FLINT (WJRT) (12/20/2018) - 115 degrees one day; and then, just above 40 degrees two days later. Teachers say extreme temperatures have been an issue at Flint schools for years.
"It's difficult. When kids get extremely hot, sometimes they get very fidgety and very active and can't concentrate; and then, other times they get so hot they go to sleep," explained United Teachers of Flint President Karen Christian. "So, the goal of trying to keep them occupied and keep them constantly learning is very difficult when you have extreme temps either way."
With the balanced calendar pushing the first day of school to August 12th, Christian said something has to change.
"The teachers voted it down every time because there was no plan," she said. "There were no answers. There was nothing given to us that would make us want to go to balanced calendar."
"That was literally the first thing that came up.
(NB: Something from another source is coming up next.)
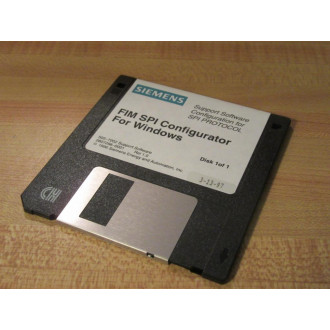 Siemens 2807298-0001 FIM SPI Configurator 505-7202 - New No Box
What about the conditions in our buildings?" Superintendent Derrick Lopez said.
So, he immediately went to work coming up with a plan for a self-renewal project."
"That is how we fund some of our renovations, through the savings that we would actually have bringing our buildings up to a standard of efficiency," he explained.
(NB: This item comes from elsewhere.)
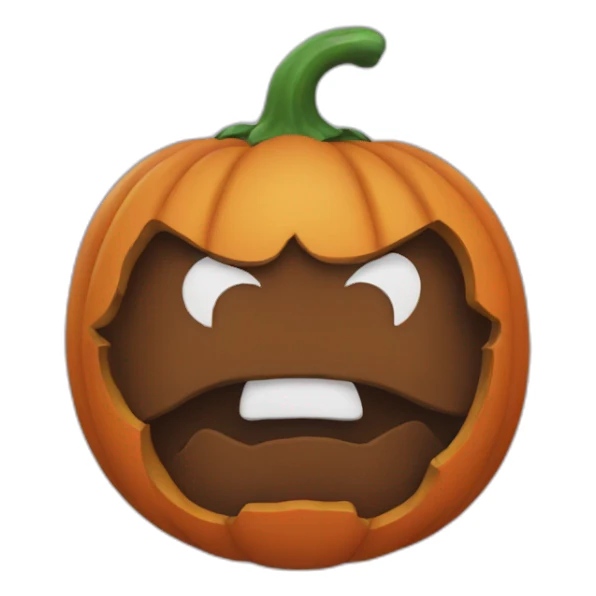 santa halloween pumpkin sticker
He's hoping that plan will raise $5.5 million over time, on top of the $3 million expected from a state grant for infrastructure at Doyle Ryder.
Superintendent Lopez is already working with Johnson Controls and other vendors to make his plan a reality by the 2019-2020 school year.
"It may be window units, it may be just there might be a bank of units on the side of the building that have air conditioning, as well as heating mechanisms," he said. "So, that are kids will be safe and our teachers will be comfortable as they teach the kids."
"I saw the plan. The plan looks good. I want to see it come to fruition that's the big thing," Christian added.
The investment in changes at Southwestern Classical Academy has us asking what about the talks of re-opening Central High School? Superintendent Lopez is hoping to re-develop the space over the next few years. He said they'd have to knock it down, but he'd like to keep the cornerstones, eventually moving the high school here.